Since that iconic high the Canadian star - despite award-snagging turns in A Beautiful Mind and The Insider - has never really banished that vision of the Austrian navy captain strumming Edelweiss and badmouthing the Bosche.
Dickie Attenborough's dimwitted Closing The Ring gave him the opportunity to play a self-pitying soak - a portrait he takes to its whisky-sodden extreme here.
He is Flash Madden, a former Hollywood gaffer who worked on Citizen Kane but is now reduced to slurring insults at the silver screen after severely denting a bottle of Wild Turkey.
It's while shouting abuse during a matinee at a Beverly Hills fleapit that Flash first meets film fanatic and college rebel Cameron Kincaid (Angarano).
He's intrigued by this plastered pensioner who - between pie-eyed rants - reveals a encyclopaedic knowledge of classic cinema.
Flash, it seems, is just the chap to help Cameron out with his student movie about a motorbike cobbled together from vacuum cleaner parts.

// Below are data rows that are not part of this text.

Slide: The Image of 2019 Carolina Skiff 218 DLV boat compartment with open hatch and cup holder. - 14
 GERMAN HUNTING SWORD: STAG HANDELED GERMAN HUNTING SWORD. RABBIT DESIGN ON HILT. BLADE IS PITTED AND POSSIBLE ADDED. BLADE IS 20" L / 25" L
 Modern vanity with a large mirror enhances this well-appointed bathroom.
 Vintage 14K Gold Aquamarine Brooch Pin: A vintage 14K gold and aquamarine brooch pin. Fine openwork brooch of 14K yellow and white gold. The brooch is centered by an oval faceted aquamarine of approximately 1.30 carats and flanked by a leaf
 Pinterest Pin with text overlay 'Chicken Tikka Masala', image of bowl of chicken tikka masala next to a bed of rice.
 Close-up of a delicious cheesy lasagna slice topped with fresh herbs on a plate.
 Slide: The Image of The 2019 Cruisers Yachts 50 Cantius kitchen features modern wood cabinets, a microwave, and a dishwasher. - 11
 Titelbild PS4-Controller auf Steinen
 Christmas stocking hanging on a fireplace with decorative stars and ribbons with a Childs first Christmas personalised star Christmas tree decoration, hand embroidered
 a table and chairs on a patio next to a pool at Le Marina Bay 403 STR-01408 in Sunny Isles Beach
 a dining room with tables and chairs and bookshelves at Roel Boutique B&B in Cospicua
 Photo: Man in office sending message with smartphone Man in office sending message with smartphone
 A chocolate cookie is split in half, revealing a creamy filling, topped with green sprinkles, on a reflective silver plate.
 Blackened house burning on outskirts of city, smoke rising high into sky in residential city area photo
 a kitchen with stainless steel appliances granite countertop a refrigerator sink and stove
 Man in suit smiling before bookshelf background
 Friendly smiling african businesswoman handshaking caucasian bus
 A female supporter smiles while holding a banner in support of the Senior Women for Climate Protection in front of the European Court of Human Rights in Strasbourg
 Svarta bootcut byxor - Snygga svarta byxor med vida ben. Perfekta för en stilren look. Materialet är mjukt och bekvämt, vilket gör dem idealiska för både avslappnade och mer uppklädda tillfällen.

The answer is simple: head off to a Hollywood retirement home full of greying film folk and put the creaking production crews back to work again.
Funnily enough, 53-year-old director Michael Schroeder's over-cute collision between The Player and Cocoon does have the feel of a student film about it.
He employs an annoying cinematographic style known by people who should know better as "snazzy shooting". However, it comes across as someone with attention deficit order.
It's not a bad idea until sub-plots about abuse of the elderly, Flash's film mogul nemesis Robert Wagner and some tosh about freeing compound dogs into the wild overbalances the whole dodgy apple cart.
Plummer mugs furiously as the cantankerous old git crying out for cirrhosis and it's up to the likeable Angarano to make proceedings barely palatable.
By the end it's lost any edge and is as soft and unappealing as a geriatric incontinence pad.